Em entrevista à piauí, Fábio Muzi contestou os relatos dos ex-funcionários e disse que o Tropicália sempre ofereceu alimentação e um cooler com água potável a eles. Explicou que a informalidade é comum nesse tipo de relação trabalhista, visto que a atividade dos quiosques é sazonal. O empresário demonstrou pesar em relação ao fechamento do quiosque. Disse não se conformar que um crime cometido por funcionários de outro estabelecimento, o Biruta, tenha acarretado no fechamento do negócio que era a sua única fonte de renda. Contou que a mensalidade da escola dos filhos está atrasada, e há dias em que falta dinheiro para comprar comida. “Minha vida virou de cabeça pro ar por um fato que eu não tive nada a ver. Eu estava em casa dormindo, nenhum dos envolvidos trabalhava comigo, mas como aconteceu na escada do meu estabelecimento, levei a culpa”, ele disse.

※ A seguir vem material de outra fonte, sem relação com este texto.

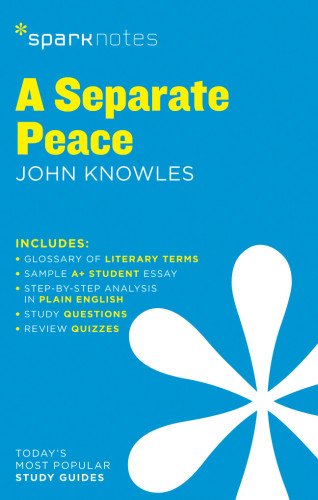 A Separate Peace SparkNotes Literature Guide by SparkNotes
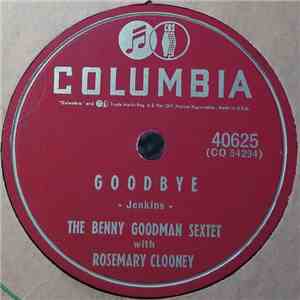 The Benny Goodman Sextet With Rosemary Clooney / The Benny Goodman Sextet - Goodbye / A Fine Romance album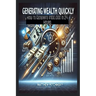 Generating Wealth Quickly: How to Generate $100,000 in 24 Hours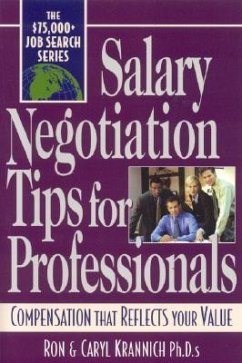 Salary Negotiation Tips for Professionals - Krannich, Ron; Krannich, Caryl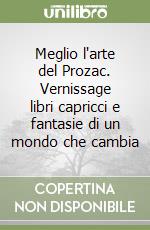 Meglio l'arte del Prozac. Vernissage libri capricci e fantasie di un mondo che cambia libro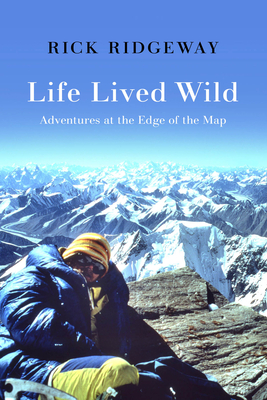 Life Lived Wild: Adventures at the Edge of the Map By Rick Ridgeway Cover Image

Em depoimento à polícia, Viviane de Mattos Faria, administradora do Quiosque Biruta, foi questionada sobre a baixa remuneração dos trabalhadores do quiosque. Respondeu: “O trabalho dessas pessoas consistia em pegar um cardápio no quiosque e oferecer aos banhistas na areia.” O Biruta é conectado ao Tropicália, e Kabagambe chegou a prestar serviços a Faria. Ela também é alvo da ação movida pelo Ministério Público do Trabalho. 

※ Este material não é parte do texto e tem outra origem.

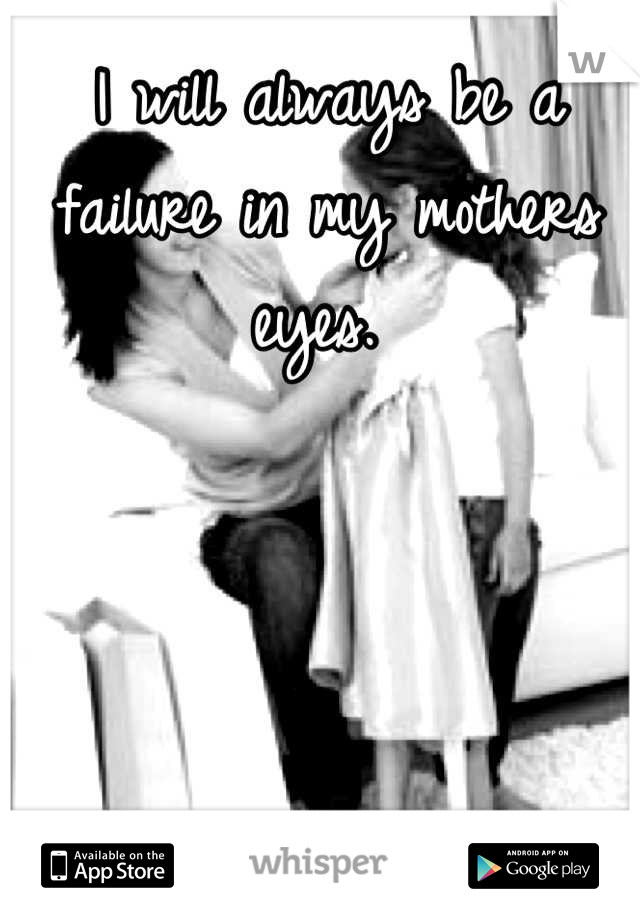 I will always be a failure in my mothers eyes.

A empresa Orla Rio, encarregada da fiscalização dos quiosques, disse que ainda não tinha sido notificada da ação do MPT e por isso não se pronunciaria. A prefeitura do Rio foi procurada, mas não respondeu até o fechamento da reportagem. A piauí segue à disposição para esclarecimentos.

 

Os depoimentos de vários outros ex-funcionários do Tropicália e amigos de Kabagambe ajudaram a embasar a ação do MPT, corroborando relatos sobre a exaustão durante e depois do expediente. O ex-cardapista Vodia João Nseka Vata, por exemplo, contou que se sentia muito cansado por trabalhar sob o sol o dia inteiro. Daiane Alves disse que o atrito com a areia provocava dores em suas pernas, mas ela não deixava de trabalhar por precisar do dinheiro. O vendedor de caipirinha David Rodrigues, amigo de Kabagambe, disse que tinha o hábito de tomar Dorflex todos os dias depois do expediente para aplacar a dor.

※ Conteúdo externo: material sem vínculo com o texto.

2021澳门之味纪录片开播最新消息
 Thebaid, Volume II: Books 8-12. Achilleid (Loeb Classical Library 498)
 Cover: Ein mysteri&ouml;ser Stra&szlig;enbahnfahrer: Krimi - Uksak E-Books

O quiosque Tropicália não oferecia roupas de proteção UV, protetor solar e boné — equipamentos essenciais para o trabalho no sol. O irmão de Moïse, Djodjo Baraka Kabagambe, disse ao Ministério Público que o congolês queixou-se inúmeras vezes de queimaduras na pele e nos pés. Yannick Ilunga Kamanda, que trabalhou no Quiosque Carioca, também na Barra da Tijuca, contou que a única vestimenta oferecida aos garçons é um abadá com o nome dos estabelecimentos. A roupa não oferece proteção UV e, nos dias mais quentes do verão carioca, provoca sensação de ardência na pele. Em vários depoimentos colhidos pelo MPT, ex-funcionários do Tropicália contaram ainda que Fábio Muzi, o proprietário, sempre trabalhava dentro do quiosque, longe do sol. À piauí, Muzi disse: “É claro que ficava na sombra, por que eu ficaria no sol? Não vejo problema nenhum nisso.”